One year ago today, on 11 March 2020, the World Health Organization declared the outbreak of COVID-19 a pandemic. At MSF – where providing medical care during epidemics is at the core of what we do – we faced a dual challenge. We needed to find a way to respond to outbreaks of this new disease, while keeping our regular medical programmes running and reacting to new emergencies, such as the conflict in Ethiopia and the Ebola outbreaks in Democratic Republic of Congo and Guinea.

Brice de le Vingne, leader of MSF’s taskforce for COVID-19 in 2020, describes how the work of MSF contributed towards combatting COVID-19 in 2020 and how it continues to do so today. 

Spreading like wildfire

In January 2020, MSF’s first COVID-19 project opened in Hong Kong, focusing on health education for vulnerable people, such as the elderly and the socio-economically disadvantaged.

MSF in Hong Kong has reached out to different vulnerable groups for face-to-face health promotion sessions on COVID-19.

By March, the epidemic was spreading like wildfire across Europe, and MSF launched projects in some of the most severely affected countries, including Belgium, Spain and Italy.

One year after its official declaration, the pandemic has not faded

We provided support to hospitals, sending in medical teams experienced in outbreaks of infectious diseases.

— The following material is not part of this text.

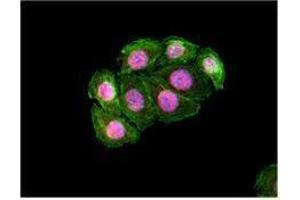 Immunofluorescence (IF) image for anti-Signal Transducer and Activator of Transcription 5A (STAT5A) antibody (ABIN2666295) (STAT5A 抗体)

We also did what we could to train our colleagues in how to keep themselves safe, knowing how exposed health staff can be during outbreaks.

Increasingly we turned our attention to elderly people in care homes, whose age and living environment made them extremely vulnerable to COVID-19.

Local fire brigade members disinfecting elderly care home Residencia Nuestra Señora de las Mercedes in El Royo, Soria province, Spain.

New challenges on a global scale 

From March onwards, as the epidemic continued to spread around the world, MSF followed in its tracks, opening new projects and adapting existing ones, as we always do during epidemics, but this time on a global scale.

Two workers at the COVID-19 centre in Al-Sahul, Yemen, which is supported by MSF, carry a heavy oxygen bottle to the ICU. A patient with COVID-19 may need up to six of these bottles per day.

But it was not just the scale that was different. At the first sign of other epidemics, such as cholera or yellow fever, we increase the size of our teams in the area, send in our experts and deliver tons of additional supplies.

But as coronavirus tightened its grip in more and more countries, many governments closed their borders. Moving medical staff and supplies to where they were need became very challenging.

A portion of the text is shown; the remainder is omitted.